“Our customers can count on us for both legacy solutions and future-ready energy projects.”
National Electrical
Equipments Corporation (NEEC) was founded with a clear mission: to strengthen
the power distribution ecosystem. From the very beginning, the company has
specialized in manufacturing and exporting power and distribution transformers,
serving both domestic and global markets. With electricity being the backbone
of economic and social growth, NEEC has consistently focused on delivering
innovative, energy-efficient solutions that meet the evolving needs of the
power sector. In this exclusive interaction with The Masthead, Saurabh Patawari, Managing Partner – NEEC, shares insights on the company’s journey, its current landscape, and the
challenges shaping the future.
How is NEEC ensuring a balanced growth across its three business
verticals, trading, manufacturing, and turnkey solar services, in the current
market landscape?
Our
focus is on making each vertical reinforce the other rather than compete for
attention. Manufacturing remains the backbone, because transformers are still
central to India’s energy infrastructure. Trading supports this by giving us
agility to source and supply complementary equipment without delay.
Solar
EPC, the newest vertical, aligns us with where the market is headed, toward
sustainability and distributed energy solutions. By treating these as
interconnected rather than standalone silos, we ensure steady revenues from our
traditional base while channeling resources into emerging opportunities like
solar. The outcome is not just balanced growth, but resilience. Our customers
can count on us for both legacy solutions and future-ready energy projects.

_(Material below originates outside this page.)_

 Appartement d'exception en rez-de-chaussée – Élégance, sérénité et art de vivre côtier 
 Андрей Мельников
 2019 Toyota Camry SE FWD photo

What are the key challenges you encounter in scaling up solar EPC
projects?
In
solar EPC, scale often exposes where the bottlenecks truly lie. The challenge
is not demand, it’s precision at speed. Every solar project comes with a
different technical profile, and that means standardization has limits. When
volumes increase, the risk is that customization slows the line or corners are
cut.
Neither
is acceptable in a safety-critical solution. Add to that the unpredictability
of component supply chains, especially for breakers and protective devices that
are globally sourced, and the execution rhythm can easily be disrupted.
Our
way forward has been to design more modular system architectures, invest in
better inventory planning, and tighten the feedback loop from field engineers
to our execution teams. That way, scaling up doesn’t dilute reliability, which
for us is the non-negotiable measure of success.

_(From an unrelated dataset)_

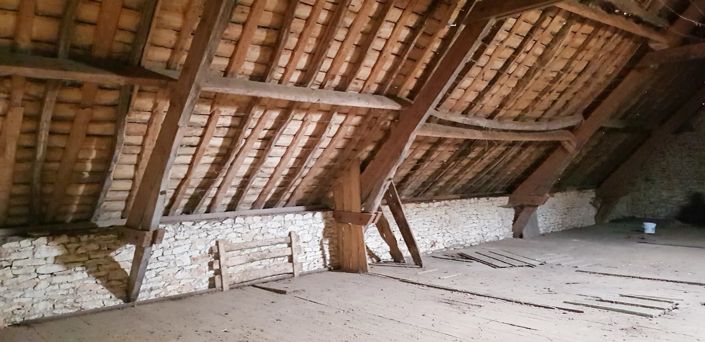 Image No.12-3 Bed Farmhouse for sale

In what ways are India’s rising renewable energy targets shaping
your turnkey solar plant projects?
India’s
renewable energy goals are no longer abstract policy; they are reshaping
project expectations on the ground. Developers and utilities want solar plants
that are not only cost-effective but also grid-resilient and compliant with
stricter technical standards.
For
us, this translates into greater emphasis on system reliability, protection
schemes, and seamless integration with distribution networks. The targets also
compress timelines, because projects are being rolled out faster to meet policy
milestones. Our turnkey approach has had to adapt by prioritizing modular
design, faster procurement cycles, and closer coordination with state
utilities. In essence, the targets are driving us to treat every solar EPC
project as part of a larger national grid strategy, not just an isolated
installation. That shift in perspective is what ensures our work remains
aligned with the country’s long-term renewable roadmap.
What initiatives has NEEC taken to embed sustainability and energy
efficiency into its product design and development process?
Sustainability
for us begins at the drawing board. Every transformer design is evaluated for
how it can lower energy losses over its lifetime, because efficiency at scale
has a far bigger environmental impact than a single innovation. This approach
has led us to refine core materials, optimize winding techniques, and adopt
insulation systems that reduce thermal stress, all of which extend service life
and reduce wastage.
The
same thinking guides our solar EPC designs, where modularity not only
simplifies installation but also minimizes resource use in execution. On the
factory side, energy audits and process improvements help us cut consumption
during manufacturing. These may seem like incremental steps, but together they
create products that consume less, last longer, and fit seamlessly into India’s
wider shift toward sustainable power infrastructure.